Clara ainda está dormindo. Quando ela acordar, vou mandar ela ir te fazer companhia.
 
Beleza, e que ela traga algo pra beber.
 
 
Fui pro quincho e preparei tudo pra começar meu trampo, tava esperando a Susy, mas quem veio foi o José trazendo cerveja.
 
Olá, José, tudo bem?
 
Que noite, a de ontem, ainda não acredito. Eu sabia que a Susy tava metida em algo, mas o que rolou ontem à noite, jamais imaginei.
 
Pera aí, cê curte ver outro macho tomando conta da sua mulher?
 
José, sabe quando eu me senti que tinha perdido como homem? Quando você deu na buceta dela, naquele exato momento eu senti que aquela gostosa já não era mais minha e nunca mais seria, meu lugar a partir dali era o de obedecer.
 
Gostou do que aconteceu depois? Tenho certeza que sim, sua gostosa.
 
José, é verdade sim, curti pra caralho, mas sinto que não é minha praia. Agora a Susy me chama de promíscuo, mas eu não me sinto um puto, mesmo tendo que aceitar isso. Sou um perdedor e, pra continuar do lado da Susy, tenho que satisfazer ela de qualquer jeito.
 
Ele soube aproveitar ao máximo, você realmente curtiu pra caralho, quer repetir?
 
Joseno, não, não, ainda tô com a bunda doendo.
 
Quer que eu te conte o que rolou com o Luisito? Se quiser saber, vem aqui do meu lado.
 
Sentei numa cadeira e o puyiyo veio pra cima de mim, tirei meu pau pra fora e falei pra ele
 
Hoje, quando ela voltou, deitou comigo.

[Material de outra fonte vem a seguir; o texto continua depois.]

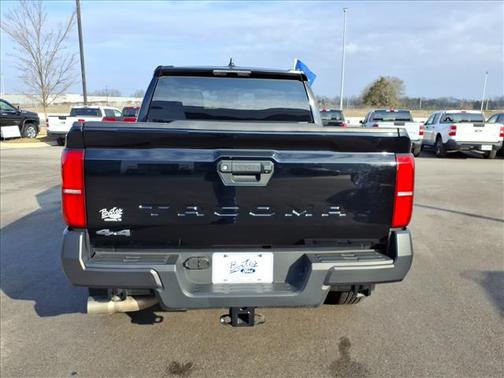 2024 Toyota Tacoma SR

Mete na boca se quiser que eu conte o que aconteceu.
 
Joseno, nem duvido, não pensei em parar até arrebentar a bunda dele de novo, tava extorquindo ele e o corno não conseguia escapar, fui contando enquanto ele me chupava a pica até que num momento eu levantei e baixei a calça dele.
 
Se quiser continuar se exibindo, deita na mesa e abre as pernas.
 
Então, ele deixou a bunda dele à minha disposição. A bunda dele já tava aberta, não era a mesma da noite anterior. Apoiei a pica e enfiei até o fundo. O putinho reclamou, mas na hora comecei a comer ele enquanto contava como tinha arrombado o cu do filho dele. Ele se desesperou, não sabia onde se agarrar, e aí, com as minhas estocadas, ele abriu mais a bunda com as próprias mãos pra evitar o inevitável. As pernas dele mal aguentavam. O corno já tava totalmente derrotado. Adorava ver eles assim e não parei até encher o cu dele de porra.
 
Agora deixa ela limpinha que depois é a vez da tua patroa.
 
joseno não disse nada, se agachou e começou a limpar meu pau, assim que ele se formou como viado, mesmo ele negando, claro, ficou de quatro enquanto eu preparava o churrasco e a gente continuava batendo papo mais sobre o filho viado dele do que sobre os chifres, notei o tesão dele quando descrevia como o Luisinho amava pau, sem nenhum disfarce, almoçamos e a verdade é que, mesmo ele mostrando a bunda e sentando do meu lado, meu pau já não subia, o que me decepcionou pra caralho.